GIVEN DATA Start Marker
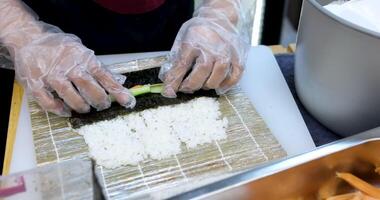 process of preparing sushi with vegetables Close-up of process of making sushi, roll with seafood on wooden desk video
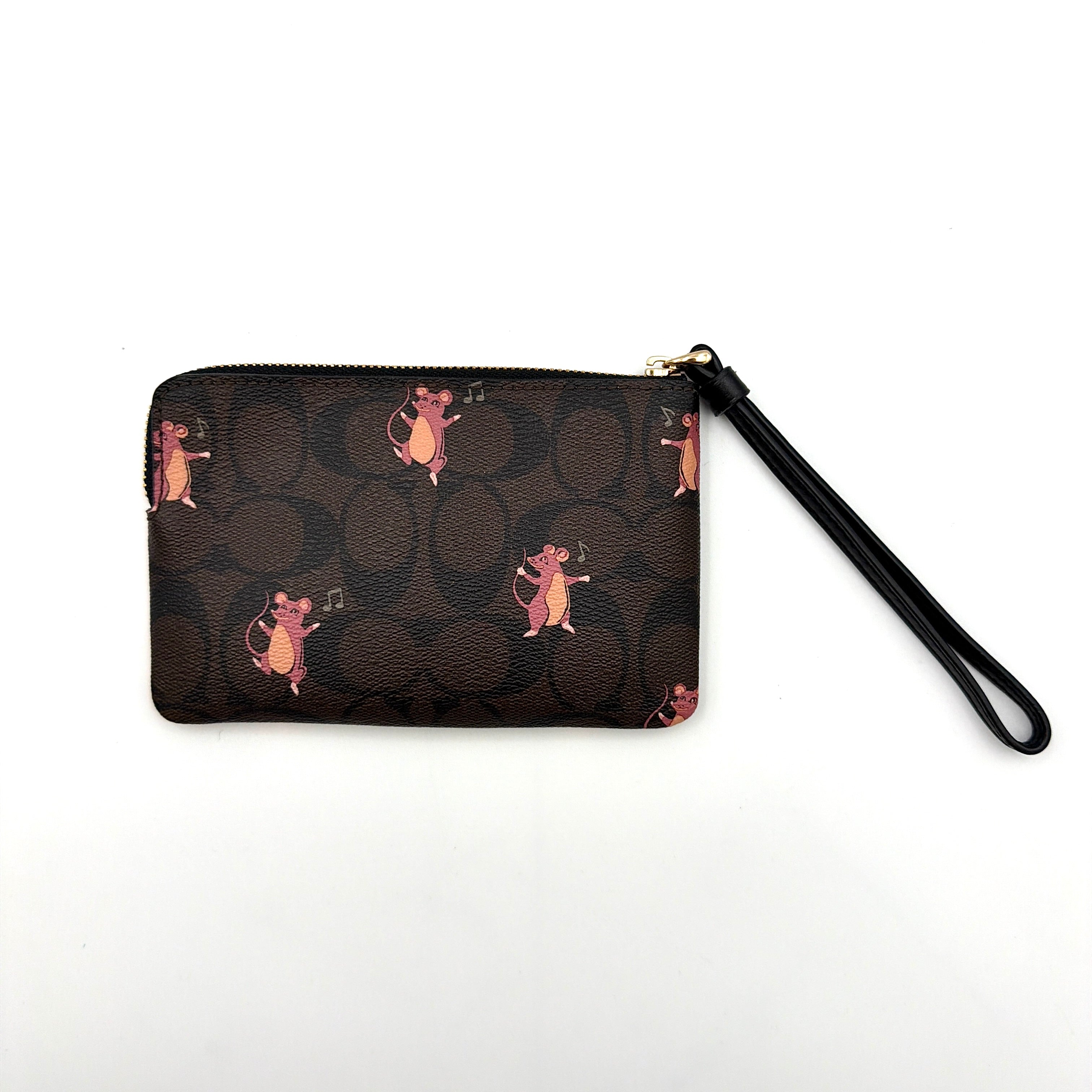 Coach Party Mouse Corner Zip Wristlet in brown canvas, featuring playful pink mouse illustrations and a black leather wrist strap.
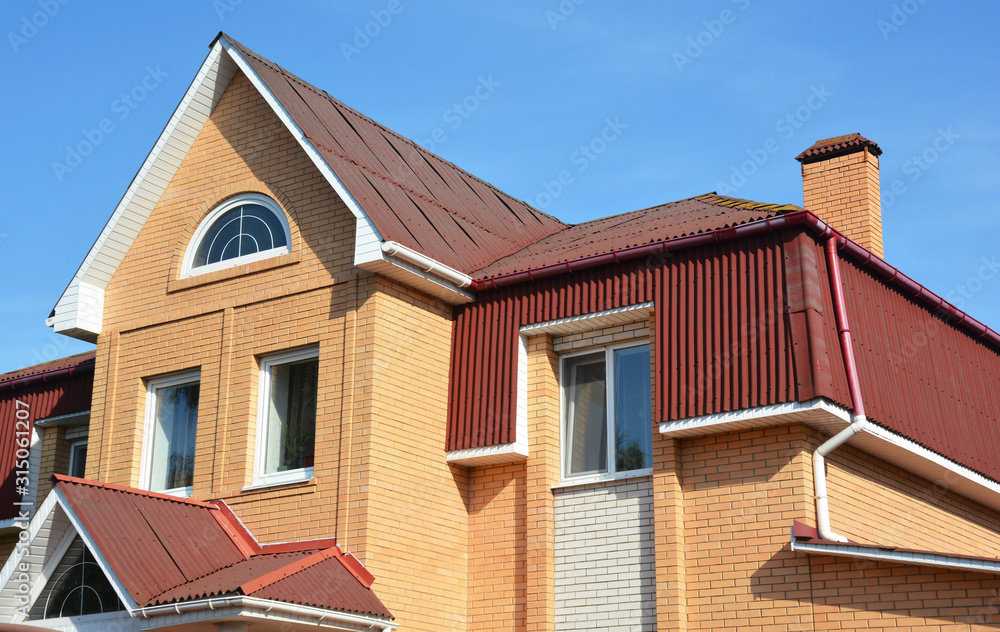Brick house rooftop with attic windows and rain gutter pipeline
GIVEN DATA End Marker
GIVEN DATA Start Marker
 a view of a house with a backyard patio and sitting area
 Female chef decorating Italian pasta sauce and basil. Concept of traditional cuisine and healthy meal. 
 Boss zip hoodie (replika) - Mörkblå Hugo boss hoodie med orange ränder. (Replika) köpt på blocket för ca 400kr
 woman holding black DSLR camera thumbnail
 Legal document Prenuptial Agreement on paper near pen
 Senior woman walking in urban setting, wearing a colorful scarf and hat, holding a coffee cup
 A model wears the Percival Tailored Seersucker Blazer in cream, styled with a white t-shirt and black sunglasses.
GIVEN DATA End Marker
• [WORK REQUEST] A word-for-word copy of the lines above from the one with "woman holding black DSLR camera thumbnail" through the one with "A model wears", inclusive, is the only output wanted.

• [YOUR RESPONSE]
 woman holding black DSLR camera thumbnail
 Legal document Prenuptial Agreement on paper near pen
 Senior woman walking in urban setting, wearing a colorful scarf and hat, holding a coffee cup
 A model wears the Percival Tailored Seersucker Blazer in cream, styled with a white t-shirt and black sunglasses.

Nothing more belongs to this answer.